People ask me why I dump on Apple Computer all the time, but that complaint isn't a fair characterization. For me, Apple is a double-edged sword — often relevant and innovative to the industry but duplicitous and dishonest at the same time. And much of the Apple news items in WinInfo Daily UPDATE involve discrediting the wildly biased Apple stories from analysts and the press, many of whom I believe have been compromised by their too-close relationships with the company. Here's a perfect example: This week at the COMDEX Fall 2002 trade show, Microsoft eHome Vice President Michael Toutonghi took part in a digital-hub session along with Apple Senior Vice President of Marketing Phil Schiller. After Schiller's presentation, session moderator Tim Bajarin introduced Toutonghi by saying (and I quote), "I'd like to point out that the digital hub was really started with Steve Jobs's keynote a few years ago, and companies really took that as a way to go." Ah yes, Jobs's keynote. In truth, Bill Gates publicly introduced the digital hub concept a few days before Jobs's keynote when Gates gave a Computer Electronics Show (CES) 2001 keynote address on January 6, 2001. Gates called his vision "the digital lifestyle." I find this type of history rewriting infuriating, and although Gates certainly got a lot of press at the time, Jobs is still remembered for launching this consumer-oriented push. If that's Apple bashing, so be it. Apple didn't invent the digital hub, and the company certainly isn't the only player that's innovating in that space.

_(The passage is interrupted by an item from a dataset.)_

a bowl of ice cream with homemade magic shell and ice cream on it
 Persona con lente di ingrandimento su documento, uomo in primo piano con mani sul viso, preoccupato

And speaking of topics I'm often accused of maligning, a Gartner report this week says that Linux will fail on the desktop. Gartner Research Director Phil Sargeant says that during the next 2 to 3 years Linux will be deployed on less than 5 percent of desktops — a figure that still beats Mac OS X, by the way — because of Linux's lack of viable application software. Although OpenOffice.org and Sun Microsystems' StarOffice — two essentially identical office suites — are a good start, Sargeant says, they aren't enough. And he notes that the other OSs (Windows, primarily) aren't standing still, either. And lest you think I'm Linux-bashing, I've always said that Linux will deservedly see much success in the small and midsized server market. Don't those comments make me a Linux supporter?